Monday, February 12, 2007

Digital Rights Management

Digital Rights Management (generally abbreviated to DRM) is an umbrella term that refers to any of several technologies used by publishers or copyright owners to control access to and usage of digital data or hardware, and to restrictions associated with a specific instance of a digital work or device. The term is often confused with copy protection and technical protection measures; these two terms refer to technologies that control or restrict the use and access of digital content on electronic devices with such technologies installed, acting as components of a DRM design.
Digital Rights Management is a controversial topic.
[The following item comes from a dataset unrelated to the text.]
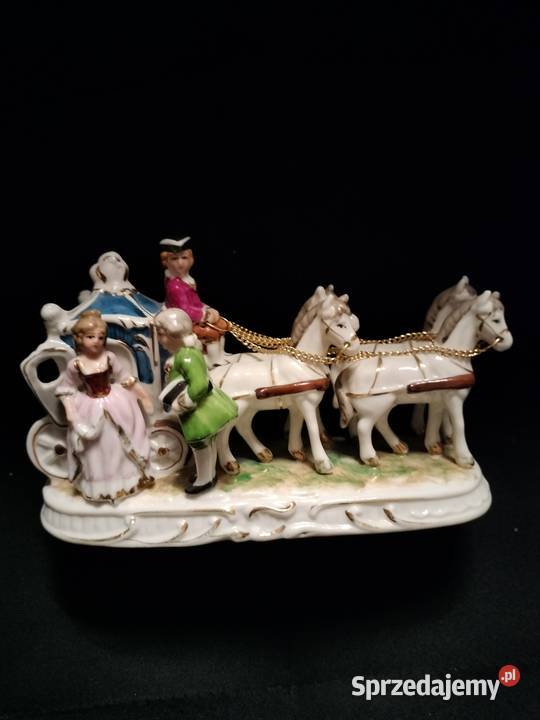 Figurka porcelanowa konie z karetą Choszczno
Advocates argue DRM is necessary for copyright holders to prevent unauthorized duplication of their work to ensure continued revenue streams.[1] Some critics of the technology, including the Free Software Foundation, suggest that the use of the word "Rights" is misleading and suggest that people instead use the term Digital Restrictions Management.[2] The position put forth is that copyright holders are attempting to restrict use of copyrighted material in ways not granted by statutory or common law applying to copyright. Others, such as the Electronic Frontier Foundation consider some DRM schemes to be anti-competitive, citing the iTunes Store as an example.
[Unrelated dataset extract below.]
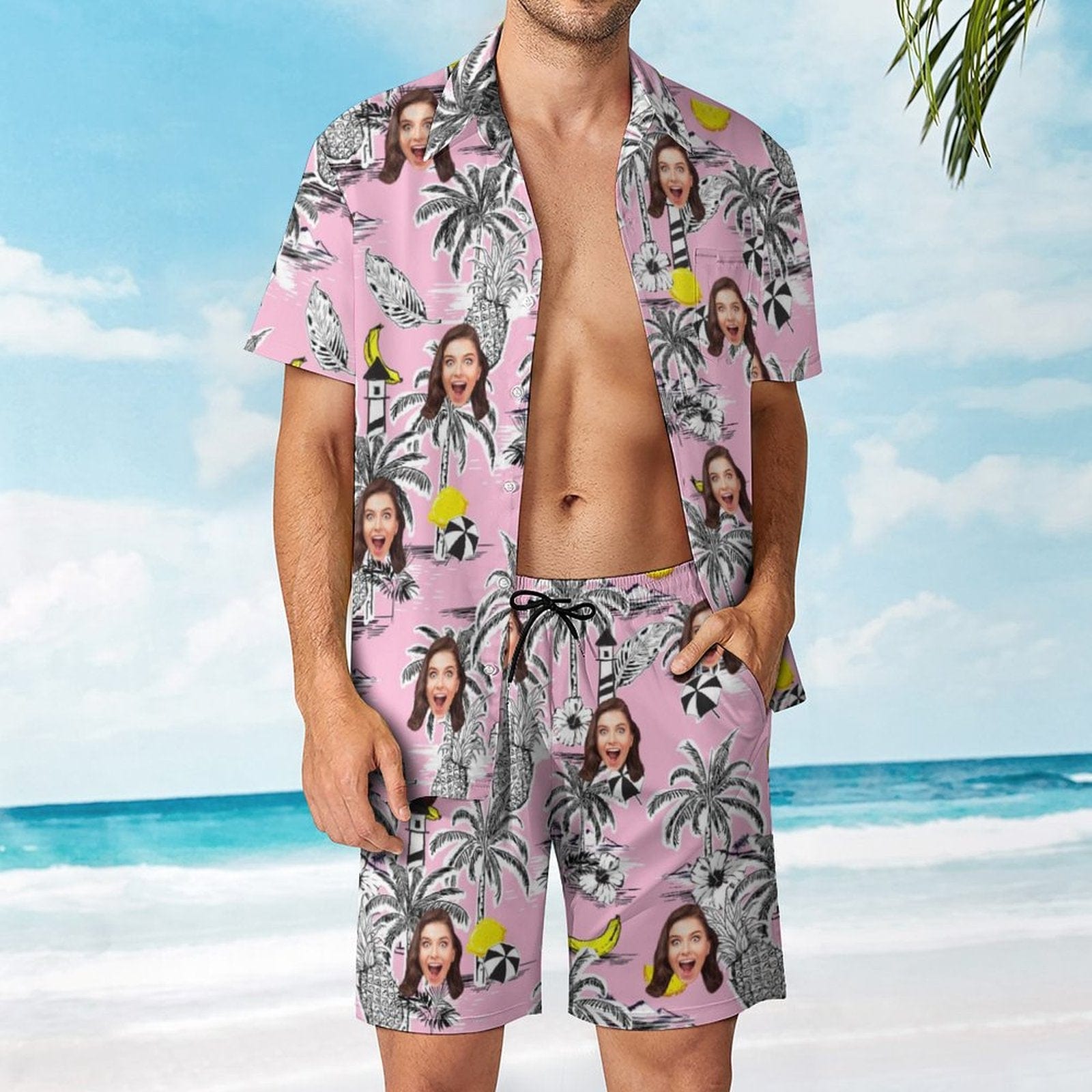 Custom Face on Hawaiian Set Palm Tree Pineapple Beach Holiday Hawaiian Shirt & Summer Shorts Set Custom Face on Hawaiian Set Palm Tree Pineapple Beach Holiday Hawaiian Shirt & Summer Shorts Set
Enterprise Digital Rights Management (E-DRM or ERM) refers to the use of DRM technology to control access to corporate documents (Microsoft Word, PDF, TIFF, AutoCAD files, etc), rather than consumer playable media. The technology usually requires a Policy Server to authenticate users' rights to access certain documents but more recently software that does not require this has been created. EDRM vendors include Microsoft, Adobe Systems, EMC Corporation and several smaller companies. There are open source implementations as well. EDRM is generally intended to apply to trade secrets, which are different from copyrighted material (though there is sometimes an overlap as some material is both copyrighted and a trade secret — e.g., the source code for some proprietary software), and for whom the primary issue is industrial or corporate espionage or inadvertent release. In most jurisdictions, there is no notion of fair use for trade secrets as there is for copyrighted material. Trade secrecy confidentiality measures are somewhat less controversial than DRM applied to copyrighted works sold to the public in many copies (e.g., audio or video recordings, texts).